→ **Dataset entries**
════════════════════
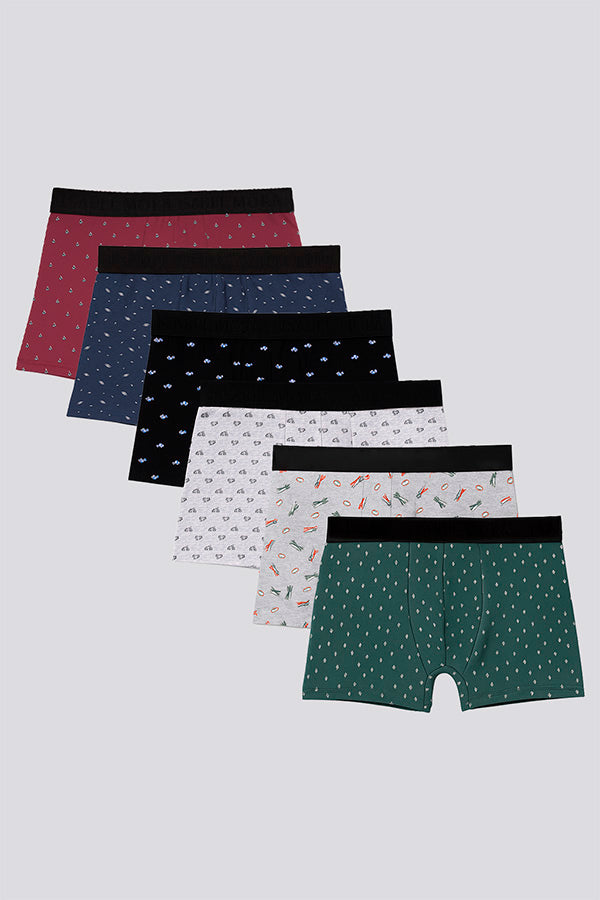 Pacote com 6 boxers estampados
════════════════════
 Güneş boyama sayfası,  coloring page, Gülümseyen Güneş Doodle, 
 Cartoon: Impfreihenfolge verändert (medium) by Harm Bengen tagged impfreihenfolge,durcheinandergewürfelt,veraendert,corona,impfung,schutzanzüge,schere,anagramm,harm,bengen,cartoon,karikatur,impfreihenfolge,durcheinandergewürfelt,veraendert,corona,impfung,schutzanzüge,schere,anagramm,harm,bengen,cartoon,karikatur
════════════════════
→ **Aim of the task**
Here the job is to set down exactly the lines of the material above that fall between the one with "coloring page, Gülümseyen" and the one with "Cartoon: Impfreihenfolge verändert", inclusive, and nothing beyond them.

→ **Problem solution**
 Güneş boyama sayfası,  coloring page, Gülümseyen Güneş Doodle, 
 Cartoon: Impfreihenfolge verändert (medium) by Harm Bengen tagged impfreihenfolge,durcheinandergewürfelt,veraendert,corona,impfung,schutzanzüge,schere,anagramm,harm,bengen,cartoon,karikatur,impfreihenfolge,durcheinandergewürfelt,veraendert,corona,impfung,schutzanzüge,schere,anagramm,harm,bengen,cartoon,karikatur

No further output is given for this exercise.